Swimming has a bad rap for being one of the most monotonous sports you can do. Granted, the prospect of doing laps back and forth, staring at a tiled black line for thousands of meters on end, is not the most inspiring of workouts. But there is a lot more to swim training than that.
If you are familiar with the various types of training equipment available, you already know that a workout can be spiced up by using a pull buoy or kickboard. However, you may not know how best to utilize these tools to maximize your workout.
What follows is a quick and easy guide for how-to (and how-not-to) use the various swim equipment on the market, and which equipment may best suit your needs to help you achieve your goals.
The pull buoy is every swimmer's best friend. Consisting of a pair of foam cylinders connected by a nylon band, the buoy is clasped between the thighs as a way of keeping the legs from kicking. It thus enables you to concentrate solely on pulling with your arms, giving you a strictly upper-body workout.
While this is all well and good, the drawback to a pull buoy is that it is essentially a flotation device. Many swimmers mistakenly think they are challenging themselves while using a buoy because they are eliminating their kick while only using their arms. But a buoy provides a false sense of good body-positioning by propping you up in the water, and it makes swimming easier because it gives you added buoyancy.
For a more effective pulling workout, add hand paddles into the mix while using a buoy. These plastic disks attach to your hands and allow you to pull more water per stroke, thus forcing you to work harder as you pull yourself through the water.
Hand paddles usually have two bits of surgical tubing looped through them, as a way of keeping them attached to your wrists and middle finger.

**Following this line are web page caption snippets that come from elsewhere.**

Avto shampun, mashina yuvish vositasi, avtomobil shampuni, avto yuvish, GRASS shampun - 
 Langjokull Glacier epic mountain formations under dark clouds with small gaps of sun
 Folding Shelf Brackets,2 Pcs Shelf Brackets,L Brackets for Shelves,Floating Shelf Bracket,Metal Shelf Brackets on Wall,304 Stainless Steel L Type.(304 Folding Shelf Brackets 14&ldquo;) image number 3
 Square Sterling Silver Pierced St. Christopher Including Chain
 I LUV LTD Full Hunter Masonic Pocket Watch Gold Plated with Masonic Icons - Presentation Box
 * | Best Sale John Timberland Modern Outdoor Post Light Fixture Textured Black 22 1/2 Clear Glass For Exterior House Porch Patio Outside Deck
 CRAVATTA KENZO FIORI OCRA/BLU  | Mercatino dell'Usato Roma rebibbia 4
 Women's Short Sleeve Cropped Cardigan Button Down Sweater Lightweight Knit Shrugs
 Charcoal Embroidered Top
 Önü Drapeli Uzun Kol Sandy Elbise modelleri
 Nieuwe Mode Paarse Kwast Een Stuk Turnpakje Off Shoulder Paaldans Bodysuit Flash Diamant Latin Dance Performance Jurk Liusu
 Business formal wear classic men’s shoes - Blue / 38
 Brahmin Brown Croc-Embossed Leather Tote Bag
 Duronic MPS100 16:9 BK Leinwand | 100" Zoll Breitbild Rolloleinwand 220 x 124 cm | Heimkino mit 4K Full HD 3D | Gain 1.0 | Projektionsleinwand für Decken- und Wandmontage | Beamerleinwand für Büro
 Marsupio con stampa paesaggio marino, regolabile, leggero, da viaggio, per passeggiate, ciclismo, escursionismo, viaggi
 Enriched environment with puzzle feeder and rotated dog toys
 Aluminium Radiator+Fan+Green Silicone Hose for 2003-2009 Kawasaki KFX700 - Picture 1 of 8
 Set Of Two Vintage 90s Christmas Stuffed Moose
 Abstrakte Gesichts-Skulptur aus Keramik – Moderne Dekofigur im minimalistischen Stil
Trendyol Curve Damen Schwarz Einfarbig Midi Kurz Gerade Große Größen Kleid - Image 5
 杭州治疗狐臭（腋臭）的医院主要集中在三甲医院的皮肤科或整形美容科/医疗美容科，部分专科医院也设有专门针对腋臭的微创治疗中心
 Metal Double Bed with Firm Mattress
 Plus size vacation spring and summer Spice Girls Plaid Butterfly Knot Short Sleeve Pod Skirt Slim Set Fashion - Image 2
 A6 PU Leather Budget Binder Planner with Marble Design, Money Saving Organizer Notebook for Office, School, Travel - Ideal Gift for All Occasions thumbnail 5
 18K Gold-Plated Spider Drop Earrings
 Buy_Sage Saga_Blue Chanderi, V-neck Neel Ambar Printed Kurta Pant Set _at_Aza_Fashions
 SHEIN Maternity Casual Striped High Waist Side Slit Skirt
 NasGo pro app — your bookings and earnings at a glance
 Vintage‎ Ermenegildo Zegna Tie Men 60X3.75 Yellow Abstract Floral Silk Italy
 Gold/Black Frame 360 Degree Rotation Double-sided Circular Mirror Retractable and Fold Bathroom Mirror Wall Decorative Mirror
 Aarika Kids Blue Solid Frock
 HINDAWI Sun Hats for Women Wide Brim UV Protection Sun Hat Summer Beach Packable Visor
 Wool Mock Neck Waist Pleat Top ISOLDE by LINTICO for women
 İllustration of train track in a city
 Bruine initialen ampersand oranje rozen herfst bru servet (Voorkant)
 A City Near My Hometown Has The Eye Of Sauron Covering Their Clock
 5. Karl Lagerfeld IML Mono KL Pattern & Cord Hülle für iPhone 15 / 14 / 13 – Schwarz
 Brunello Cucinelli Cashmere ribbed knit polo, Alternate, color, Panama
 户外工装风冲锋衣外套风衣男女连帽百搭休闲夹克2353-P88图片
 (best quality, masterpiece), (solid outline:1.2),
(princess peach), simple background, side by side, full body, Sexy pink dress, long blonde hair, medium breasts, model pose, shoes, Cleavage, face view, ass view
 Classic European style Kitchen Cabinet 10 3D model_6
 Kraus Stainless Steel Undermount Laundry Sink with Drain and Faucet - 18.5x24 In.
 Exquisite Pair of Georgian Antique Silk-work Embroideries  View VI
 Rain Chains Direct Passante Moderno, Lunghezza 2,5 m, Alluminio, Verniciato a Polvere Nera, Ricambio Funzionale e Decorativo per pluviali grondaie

I have always removed the tubing at the wrists because that forces you to use the paddles correctly in the recovery part of your stroke (when your hands are at the tail end of their underwater pull cycle).
Without the wrist bands holding your paddles in place, if you cut your stroke short or make any other mistakes, the paddles will come flying off, indicating an incorrect recovery. This will force you to finish each stroke and assume correct hand positioning while swimming.
Using a buoy and paddles combined is fine in moderation but should not become a crutch; in fact, I only recommend pulling 20 percent of your total workout. Although pulling is an important component to developing upper-body strength, it can also be viewed as "recovery" in practice because it involves longer, slower strokes and unnatural flotation. A long pull set is best after your hardest drill or main set, because it allows you to lengthen out lactic-acid-plagued muscles while bringing your heart rate down with active rest.